# Heidelcast: Active Obedience, Westminster Assembly, and the FV (pt 1)



## R. Scott Clark (Mar 21, 2010)

Lane Keister joins the Heidelcast again this week to answer a series of questions from Nick about the imputation of the active active obedience of Christ, how the Westminster Assembly handled the question, and the denial of the IAO in the federal vision movement.

Heidelcast 21 March 2010: Christ’s Active Obedience, the Westminster Assembly, and the FV (Updated)


----------



## KMK (Mar 23, 2010)

Very interesting.

Rev.s Clark and Keister, I have another question.

Both the LBC and the Savoy use the words "active and passive" in chapter 11 whereas the WCF uses only "obedience". Can't this fact be used as an additional argument in favor of IAO? Both the Savoy and the LBC were penned for the purpose of demonstrating that these groups agreed with the overwhelming majority of the Westminster Standards. In addition, the Savoy and LBC used most of the same source documents. Is there any reason the Presbyterian cannot use the LBC and Savoy against the FV by presenting a more 'fully orbed' definition of the word 'obedience'? We Baptists often use the WCF to clarify our own confession, why can't that be done in reverse.

Also, according to the FV, why did Jesus actively obey if not for the purpose of imputation? Was it simply so he could be our example?


----------



## tcalbrecht (Mar 23, 2010)

KMK said:


> Very interesting.
> 
> Rev.s Clark and Keister, I have another question.
> 
> ...



Interesting question.

Of course it could be argued the other way as well, that the same men, or at least the same generation of men, who penned Westminster Confession chapter 11, saw fit to modify the language in the newer confessions. This might indicate that the more ecumenical Westminster Assembly took a broader view of the issue, choosing to include men who could affirm both positions (IPO-only and IAO/IPO), while Savoy and the LBC took a more narrow view of things.


----------



## KMK (Mar 23, 2010)

tcalbrecht said:


> KMK said:
> 
> 
> > Very interesting.
> ...


 
Except for the fact that Rev Keister argues pretty conclusively on this broadcast that the WCF was not at all an ecumenical document of compromise (sic). (I forget the actual term he used.)


----------



## greenbaggins (Mar 23, 2010)

Right, the Westminster Standards are not consensus documents (witness the Independents not getting anything close to their way), and when the language of "whole obedience" was voted on, they voted in favor of it. We don't know why they pulled the language, conclusively, but I think that Dr. Strange's thesis is much more likely: they thought that the language was adequately provided for in WCF 8.5 and in WLC 70.

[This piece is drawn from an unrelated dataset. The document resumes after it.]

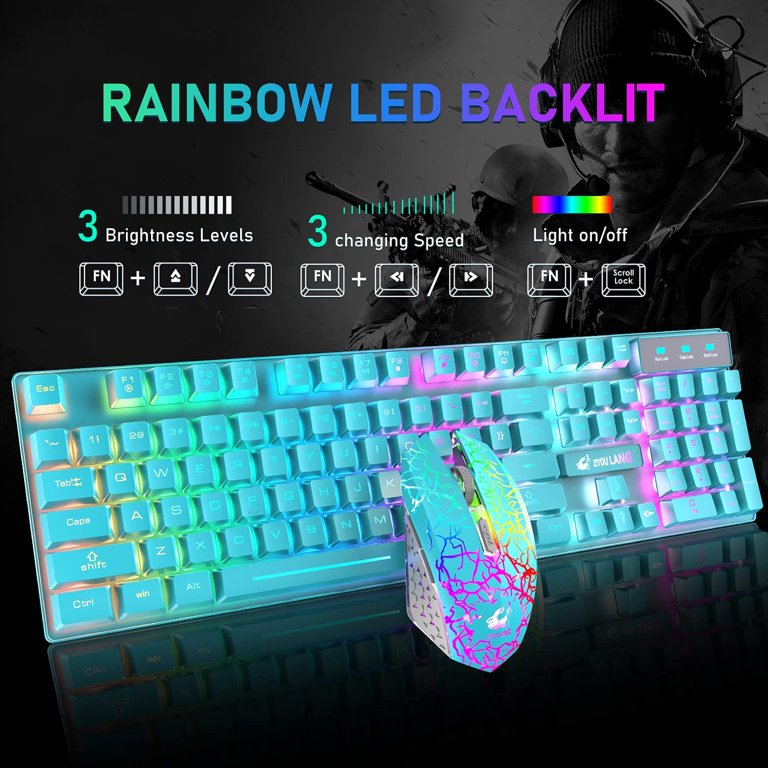 US Wireless Rainbow Backlit Gaming Keyboard Mouse Set 4000mAh Battery For  PC PS4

As to your question, Ken, it's possible. I'm not sure how one would find out the answer, however.


----------



## MW (Mar 23, 2010)

That was a clearly presented cast. Some issues, though.

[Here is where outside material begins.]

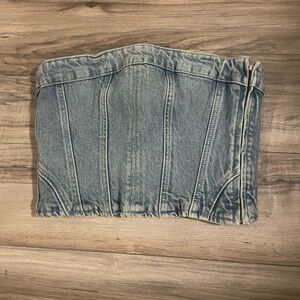 Zara Light Blue Denim strapless top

We have seen the language of the imputation of Christ's active obedience become a test of orthodoxy in recent times, but the fact is that reformed theology teaches the imputation of Christ's righteousness, which includes His active obedience. The idea of active obedience itself being imputed is rather misleading, and should be qualified so as not to lead to misunderstanding.

The idea of the Confession as a consensus document is well accepted; at times it has been overused (and Letham's recent work seems to take it too far), but it cannot be ignored. There is no doubt that the formulation of the Confession on this point was designed to incorporate, not the views of all individuals (because a man like Gataker decided not to publish his distinct views on the subject), but the views of Reformed Protestantism. In other words,, the consensus is found in the desire to stay within the mainstream of theological tradition rather than run the risk of forging new directions for theology.

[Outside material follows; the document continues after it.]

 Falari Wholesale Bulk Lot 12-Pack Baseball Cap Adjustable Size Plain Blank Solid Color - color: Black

To answer Pastor Klein's question, no, the Savoy and London Confessions cannot be used for clarification, for the simple reason that these are particularisations and adaptations of the Westminster Confession; they are by nature more particular and depart from the catholicity of the Westminster Assembly.


----------



## KMK (Mar 24, 2010)

armourbearer said:


> To answer Pastor Klein's question, no, the Savoy and London Confessions cannot be used for clarification, for the simple reason that these are particularisations and adaptations of the Westminster Confession; they are by nature more particular and depart from the catholicity of the Westminster Assembly.


 
I am sure you are correct, Rev Winzer, it's just that I find it interesting that the Savoy and London confessions join the WCF's language of "perfect obedience" in chapter 8 and then 'particularize' it to active as well as passive in chapter 11.

-------------------

BTW, do you object to the Savoy in chapter 11 when it says, "by imputing Christ's active obedience unto the whole law, and passive obedience in his death for their whole and sole righteousness by faith"?


----------



## PuritanCovenanter (Mar 24, 2010)

greenbaggins said:


> but I think that Dr. Strange's thesis is much more likely: they thought that the language was adequately provided for in WCF 8.5 and in WLC 70.
> 
> As to your question, Ken, it's possible. I'm not sure how one would find out the answer, however.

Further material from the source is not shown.